* [DATA EXCERPT]:
- - - - -
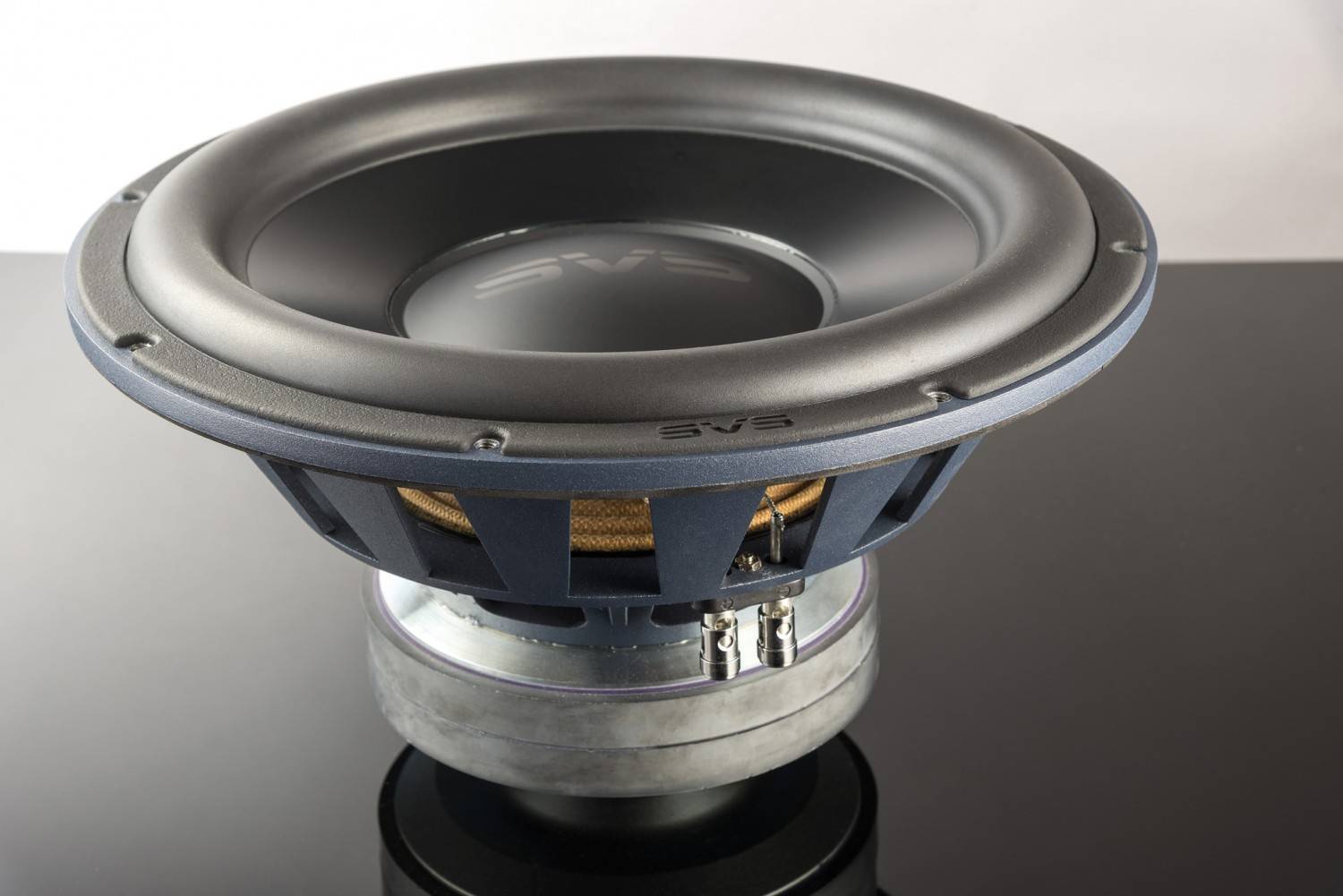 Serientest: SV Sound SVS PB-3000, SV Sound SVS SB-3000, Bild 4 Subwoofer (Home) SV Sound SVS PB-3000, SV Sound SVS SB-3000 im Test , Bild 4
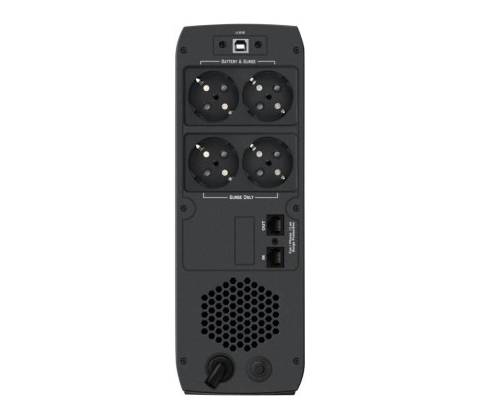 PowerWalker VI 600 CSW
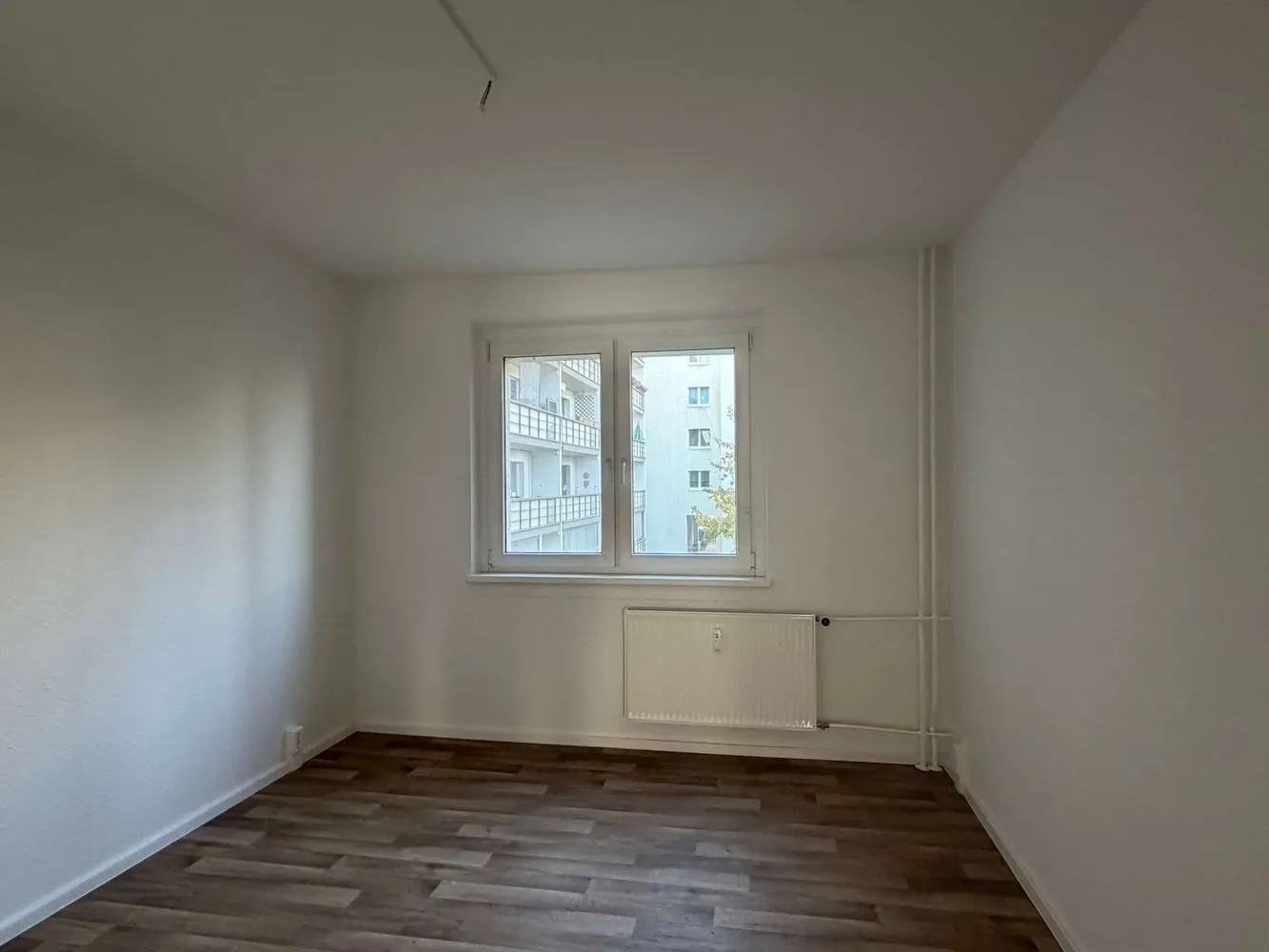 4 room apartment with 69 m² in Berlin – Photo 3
- - - - -
* [PROBLEM TO WORK ON]: Reproduce precisely the lines of the listing above, from the line containing "PowerWalker VI 600 CSW" to the last line, both ends included. Pictures are to be omitted.

* [ANSWER TO THE EXERCISE]:
 PowerWalker VI 600 CSW
 4 room apartment with 69 m² in Berlin – Photo 3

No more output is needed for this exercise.